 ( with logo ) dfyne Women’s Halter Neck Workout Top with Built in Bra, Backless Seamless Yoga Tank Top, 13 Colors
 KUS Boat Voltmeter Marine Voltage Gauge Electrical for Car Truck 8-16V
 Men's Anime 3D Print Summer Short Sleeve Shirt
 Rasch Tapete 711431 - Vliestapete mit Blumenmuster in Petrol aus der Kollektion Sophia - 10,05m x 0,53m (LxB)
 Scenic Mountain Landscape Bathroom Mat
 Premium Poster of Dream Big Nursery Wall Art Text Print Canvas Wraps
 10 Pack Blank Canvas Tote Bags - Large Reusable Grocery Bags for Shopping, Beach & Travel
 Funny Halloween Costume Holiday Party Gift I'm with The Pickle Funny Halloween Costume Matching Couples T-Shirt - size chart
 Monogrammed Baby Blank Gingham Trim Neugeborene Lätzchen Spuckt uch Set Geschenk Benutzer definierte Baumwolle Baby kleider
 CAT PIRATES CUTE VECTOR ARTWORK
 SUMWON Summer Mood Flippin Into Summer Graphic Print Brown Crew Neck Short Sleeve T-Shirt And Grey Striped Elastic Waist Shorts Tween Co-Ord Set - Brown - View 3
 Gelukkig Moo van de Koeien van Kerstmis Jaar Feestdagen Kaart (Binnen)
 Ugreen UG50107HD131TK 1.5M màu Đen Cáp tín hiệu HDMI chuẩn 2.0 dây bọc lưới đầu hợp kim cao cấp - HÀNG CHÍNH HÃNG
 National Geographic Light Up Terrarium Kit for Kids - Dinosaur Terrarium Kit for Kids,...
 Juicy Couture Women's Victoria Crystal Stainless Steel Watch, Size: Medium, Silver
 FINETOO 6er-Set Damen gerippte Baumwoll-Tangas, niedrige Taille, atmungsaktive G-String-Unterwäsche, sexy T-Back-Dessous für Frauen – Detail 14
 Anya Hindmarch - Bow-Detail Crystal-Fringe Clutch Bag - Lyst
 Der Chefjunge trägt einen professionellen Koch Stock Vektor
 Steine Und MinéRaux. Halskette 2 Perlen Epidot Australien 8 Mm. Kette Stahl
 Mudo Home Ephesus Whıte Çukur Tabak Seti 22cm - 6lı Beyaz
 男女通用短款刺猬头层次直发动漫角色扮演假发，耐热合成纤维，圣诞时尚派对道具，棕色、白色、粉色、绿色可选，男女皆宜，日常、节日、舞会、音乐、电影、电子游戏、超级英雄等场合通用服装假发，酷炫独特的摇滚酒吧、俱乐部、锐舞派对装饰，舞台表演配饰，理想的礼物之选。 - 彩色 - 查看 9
------------------------------
- **What to work on**:
Reproducing the whole listing above is not the task. Copy exactly only the lines from the one with "Men's Anime 3D" to the one with "10 Pack Blank", both kept.

- **Result for this task**:
 Men's Anime 3D Print Summer Short Sleeve Shirt
 Rasch Tapete 711431 - Vliestapete mit Blumenmuster in Petrol aus der Kollektion Sophia - 10,05m x 0,53m (LxB)
 Scenic Mountain Landscape Bathroom Mat
 Premium Poster of Dream Big Nursery Wall Art Text Print Canvas Wraps
 10 Pack Blank Canvas Tote Bags - Large Reusable Grocery Bags for Shopping, Beach & Travel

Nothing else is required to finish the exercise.